|July 22, 2018
May the God of hope fill you with all joy and peace in believing, so that you may abound in hope by the power of the Holy Spirit. Rom 15:13 My lips will shout for joy as I sing your praise; my soul, too, which you have redeemed. Ps 71:23
There was no way for her to know. How could she? She called me the happiest girl and she was happy for me. My joy made Nancy Evans happy. But how could she know the depths of terror that led to the joy she was witnessing in me?
Looking back, I realize that my imagination had run away with me, but paralyzing fear can be all too real for children whether it’s rational or not. Somehow, at the age of 11 or 12, I became obsessed with death.
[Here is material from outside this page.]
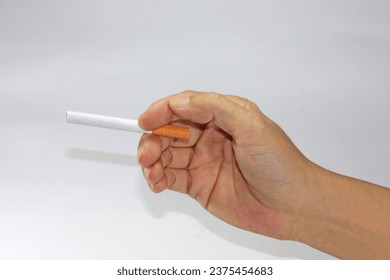 hand holding cigarette. isolated on white background. illustration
Death became a nightly presence. When I lay in bed I was plagued with morbid thoughts, terrified that I would never wake up. I imagined coffins lined in pink satin, the moist earth with its worms slowly consuming my body. Sounds melodramatic, I know, but death’s proximity was very real in my haunted mind and held me captive.
I’ve tried to pinpoint the cause of my preoccupation with death at such a young age and for the life of me have no idea what could have possibly triggered such an intense, unhealthy fear. I didn’t consider the faith lessons I had learned or the rosaries I had prayed. Death became the one truth for me. I would die. Darkness invaded my heart especially at night.
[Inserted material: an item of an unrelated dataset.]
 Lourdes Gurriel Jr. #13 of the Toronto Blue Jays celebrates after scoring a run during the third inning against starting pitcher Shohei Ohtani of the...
I don’t know how long I lived under death’s gloomy spell but I remember clearly the day I was delivered.
It was a beautiful summer day and I was in my bedroom changing into my bathing suit, getting ready to go to our neighborhood pool with my brother, Patrick. My thoughts must have turned again to my now relentless preoccupation, but they were interrupted by a ray of light.
I heard a voice.
It was clear as crystal, and it said, “You will be with me forever.”
I froze, What?
Again, like crystal, “You will be with me forever.”
I recognized my Savior’s voice as His words soaked into my being, and joy flooded in. Sheer ecstatic joy.
You indeed are my help, and in the shadow of your wings I shout for joy. Ps 63:8
I knew things now. I knew that was I loved by the One who is Love. I knew that I would live with Him forever. He said it. He promised it. I took Him at His WORD. Light rushed in and understanding. No darkness now, not with Him. Only joy, only love, only light. I rushed downstairs and announced to my mother, Mom! I can’t wait to die! I’m going to be with Jesus!
She stared at me, speechless.
Then I rounded up Pat and proclaimed the goodness of the Lord to him as we walked together to the pool. He too was left without words.
This is how the Lord operates. He sees a silly though terrified little girl and decides to enter her darkness and fill it with the light of His love. When we hear the voice of God, we know love and a joy no one can take from us.
Even now, when darkness threatens to overwhelm me, I can feel it. There’s this little bubble of joy waiting deep inside, ready to burst through.
My whole life changed that day over 50 years ago. The transformation was obvious and my friend, Nancy Evans, was my witness.